Show each line of the data below that has the string "when" in it.

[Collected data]
□ □ □ □ □
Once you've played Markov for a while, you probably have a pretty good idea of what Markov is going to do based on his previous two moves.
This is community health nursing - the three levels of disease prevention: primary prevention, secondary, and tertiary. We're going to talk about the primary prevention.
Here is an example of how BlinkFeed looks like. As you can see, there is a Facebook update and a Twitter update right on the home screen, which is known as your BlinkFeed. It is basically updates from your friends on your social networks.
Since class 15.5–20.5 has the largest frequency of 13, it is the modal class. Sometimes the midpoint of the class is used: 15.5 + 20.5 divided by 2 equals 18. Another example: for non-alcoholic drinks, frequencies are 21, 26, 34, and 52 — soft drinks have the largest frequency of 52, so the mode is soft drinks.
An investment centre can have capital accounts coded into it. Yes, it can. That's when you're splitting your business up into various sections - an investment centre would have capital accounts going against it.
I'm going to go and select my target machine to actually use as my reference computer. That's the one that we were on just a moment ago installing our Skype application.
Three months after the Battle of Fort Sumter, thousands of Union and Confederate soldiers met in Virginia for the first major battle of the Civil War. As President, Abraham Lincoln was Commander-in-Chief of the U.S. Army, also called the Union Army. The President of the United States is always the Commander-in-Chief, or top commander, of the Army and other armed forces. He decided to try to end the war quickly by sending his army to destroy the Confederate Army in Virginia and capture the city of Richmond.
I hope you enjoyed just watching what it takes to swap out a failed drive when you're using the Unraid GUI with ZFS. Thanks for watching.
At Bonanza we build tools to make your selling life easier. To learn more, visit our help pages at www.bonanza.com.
□ □ □ □ □
Written answer:
An investment centre can have capital accounts coded into it. Yes, it can. That's when you're splitting your business up into various sections - an investment centre would have capital accounts going against it.
I hope you enjoyed just watching what it takes to swap out a failed drive when you're using the Unraid GUI with ZFS. Thanks for watching.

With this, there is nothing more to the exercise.